Record excerpts:
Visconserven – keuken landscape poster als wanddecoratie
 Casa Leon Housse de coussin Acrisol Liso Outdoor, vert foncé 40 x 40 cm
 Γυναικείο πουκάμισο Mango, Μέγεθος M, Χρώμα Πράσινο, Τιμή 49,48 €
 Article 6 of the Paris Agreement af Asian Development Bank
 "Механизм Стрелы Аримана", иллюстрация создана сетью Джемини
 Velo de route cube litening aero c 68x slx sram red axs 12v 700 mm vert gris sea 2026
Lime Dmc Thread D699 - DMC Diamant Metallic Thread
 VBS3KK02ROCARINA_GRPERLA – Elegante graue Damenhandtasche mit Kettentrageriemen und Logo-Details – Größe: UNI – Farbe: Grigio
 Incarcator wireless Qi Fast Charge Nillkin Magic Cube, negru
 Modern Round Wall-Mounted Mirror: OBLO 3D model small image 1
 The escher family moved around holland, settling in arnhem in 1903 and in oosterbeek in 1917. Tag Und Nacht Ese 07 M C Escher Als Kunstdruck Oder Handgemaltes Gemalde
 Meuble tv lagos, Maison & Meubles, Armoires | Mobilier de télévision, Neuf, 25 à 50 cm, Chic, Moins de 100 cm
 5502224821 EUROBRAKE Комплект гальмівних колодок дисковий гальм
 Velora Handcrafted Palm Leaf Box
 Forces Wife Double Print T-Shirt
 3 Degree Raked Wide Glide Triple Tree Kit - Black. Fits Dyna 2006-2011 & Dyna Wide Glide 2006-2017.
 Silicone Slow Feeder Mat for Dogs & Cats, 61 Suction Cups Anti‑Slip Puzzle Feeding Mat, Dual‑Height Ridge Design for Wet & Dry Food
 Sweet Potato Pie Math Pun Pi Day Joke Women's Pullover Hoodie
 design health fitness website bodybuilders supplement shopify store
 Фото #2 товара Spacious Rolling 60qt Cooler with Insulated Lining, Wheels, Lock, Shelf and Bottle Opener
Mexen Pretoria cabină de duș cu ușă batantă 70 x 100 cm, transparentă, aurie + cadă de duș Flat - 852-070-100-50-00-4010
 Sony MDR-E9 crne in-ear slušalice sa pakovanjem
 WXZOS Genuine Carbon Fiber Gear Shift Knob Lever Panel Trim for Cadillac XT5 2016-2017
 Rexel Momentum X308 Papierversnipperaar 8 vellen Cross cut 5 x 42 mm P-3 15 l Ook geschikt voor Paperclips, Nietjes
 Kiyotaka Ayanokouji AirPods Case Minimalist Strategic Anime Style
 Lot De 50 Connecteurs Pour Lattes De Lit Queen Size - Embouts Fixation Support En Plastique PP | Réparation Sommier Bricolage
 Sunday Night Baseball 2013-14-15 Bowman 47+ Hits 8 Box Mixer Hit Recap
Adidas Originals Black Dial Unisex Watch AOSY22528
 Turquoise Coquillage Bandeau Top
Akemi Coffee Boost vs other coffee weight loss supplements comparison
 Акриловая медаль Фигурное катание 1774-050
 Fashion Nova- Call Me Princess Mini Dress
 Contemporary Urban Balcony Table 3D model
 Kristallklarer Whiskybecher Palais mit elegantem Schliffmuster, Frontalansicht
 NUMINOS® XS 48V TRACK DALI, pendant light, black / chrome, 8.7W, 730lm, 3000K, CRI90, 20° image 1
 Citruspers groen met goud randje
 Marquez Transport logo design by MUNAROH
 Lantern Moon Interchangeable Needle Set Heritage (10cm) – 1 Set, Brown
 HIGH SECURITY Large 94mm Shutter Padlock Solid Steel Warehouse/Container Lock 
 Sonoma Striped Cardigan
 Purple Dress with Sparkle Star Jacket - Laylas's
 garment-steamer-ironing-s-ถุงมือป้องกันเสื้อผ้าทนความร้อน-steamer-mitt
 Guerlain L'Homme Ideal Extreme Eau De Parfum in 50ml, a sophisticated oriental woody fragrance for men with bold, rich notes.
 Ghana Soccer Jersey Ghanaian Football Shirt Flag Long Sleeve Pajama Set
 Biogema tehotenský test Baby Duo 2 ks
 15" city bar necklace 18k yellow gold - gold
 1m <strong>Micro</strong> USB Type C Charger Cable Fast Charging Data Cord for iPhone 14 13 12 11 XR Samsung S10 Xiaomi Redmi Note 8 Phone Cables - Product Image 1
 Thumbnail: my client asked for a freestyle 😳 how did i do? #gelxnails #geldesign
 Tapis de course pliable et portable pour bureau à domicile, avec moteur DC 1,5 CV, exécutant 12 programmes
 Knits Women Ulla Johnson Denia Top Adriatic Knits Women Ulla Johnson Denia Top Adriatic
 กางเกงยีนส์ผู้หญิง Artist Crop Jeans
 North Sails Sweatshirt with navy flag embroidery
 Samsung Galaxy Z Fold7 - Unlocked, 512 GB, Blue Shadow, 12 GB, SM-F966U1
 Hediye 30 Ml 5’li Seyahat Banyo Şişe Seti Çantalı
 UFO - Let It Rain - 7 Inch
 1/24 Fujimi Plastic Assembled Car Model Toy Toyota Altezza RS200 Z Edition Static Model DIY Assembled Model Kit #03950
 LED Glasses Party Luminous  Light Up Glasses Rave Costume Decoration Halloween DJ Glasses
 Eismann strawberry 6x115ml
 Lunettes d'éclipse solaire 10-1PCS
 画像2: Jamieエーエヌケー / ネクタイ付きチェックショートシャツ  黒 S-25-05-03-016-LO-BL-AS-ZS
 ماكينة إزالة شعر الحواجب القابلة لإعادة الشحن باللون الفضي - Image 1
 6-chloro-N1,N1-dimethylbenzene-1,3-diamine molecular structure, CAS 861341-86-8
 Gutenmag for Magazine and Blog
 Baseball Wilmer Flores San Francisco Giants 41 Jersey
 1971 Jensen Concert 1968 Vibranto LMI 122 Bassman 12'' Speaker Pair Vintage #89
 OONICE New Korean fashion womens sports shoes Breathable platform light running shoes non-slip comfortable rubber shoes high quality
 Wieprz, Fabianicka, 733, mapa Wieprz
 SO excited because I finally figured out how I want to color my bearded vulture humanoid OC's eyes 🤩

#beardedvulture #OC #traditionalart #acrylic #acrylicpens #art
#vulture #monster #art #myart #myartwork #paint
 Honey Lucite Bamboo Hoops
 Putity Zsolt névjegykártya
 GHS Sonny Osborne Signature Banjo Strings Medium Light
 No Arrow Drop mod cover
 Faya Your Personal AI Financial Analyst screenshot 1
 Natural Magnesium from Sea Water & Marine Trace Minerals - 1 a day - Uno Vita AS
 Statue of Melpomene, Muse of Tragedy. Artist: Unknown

What is required: Reproduce the entries exactly, but only from their first line to the line holding "design health fitness", with that last line kept.

Solution for this exercise:
Visconserven – keuken landscape poster als wanddecoratie
 Casa Leon Housse de coussin Acrisol Liso Outdoor, vert foncé 40 x 40 cm
 Γυναικείο πουκάμισο Mango, Μέγεθος M, Χρώμα Πράσινο, Τιμή 49,48 €
 Article 6 of the Paris Agreement af Asian Development Bank
 "Механизм Стрелы Аримана", иллюстрация создана сетью Джемини
 Velo de route cube litening aero c 68x slx sram red axs 12v 700 mm vert gris sea 2026
Lime Dmc Thread D699 - DMC Diamant Metallic Thread
 VBS3KK02ROCARINA_GRPERLA – Elegante graue Damenhandtasche mit Kettentrageriemen und Logo-Details – Größe: UNI – Farbe: Grigio
 Incarcator wireless Qi Fast Charge Nillkin Magic Cube, negru
 Modern Round Wall-Mounted Mirror: OBLO 3D model small image 1
 The escher family moved around holland, settling in arnhem in 1903 and in oosterbeek in 1917. Tag Und Nacht Ese 07 M C Escher Als Kunstdruck Oder Handgemaltes Gemalde
 Meuble tv lagos, Maison & Meubles, Armoires | Mobilier de télévision, Neuf, 25 à 50 cm, Chic, Moins de 100 cm
 5502224821 EUROBRAKE Комплект гальмівних колодок дисковий гальм
 Velora Handcrafted Palm Leaf Box
 Forces Wife Double Print T-Shirt
 3 Degree Raked Wide Glide Triple Tree Kit - Black. Fits Dyna 2006-2011 & Dyna Wide Glide 2006-2017.
 Silicone Slow Feeder Mat for Dogs & Cats, 61 Suction Cups Anti‑Slip Puzzle Feeding Mat, Dual‑Height Ridge Design for Wet & Dry Food
 Sweet Potato Pie Math Pun Pi Day Joke Women's Pullover Hoodie
 design health fitness website bodybuilders supplement shopify store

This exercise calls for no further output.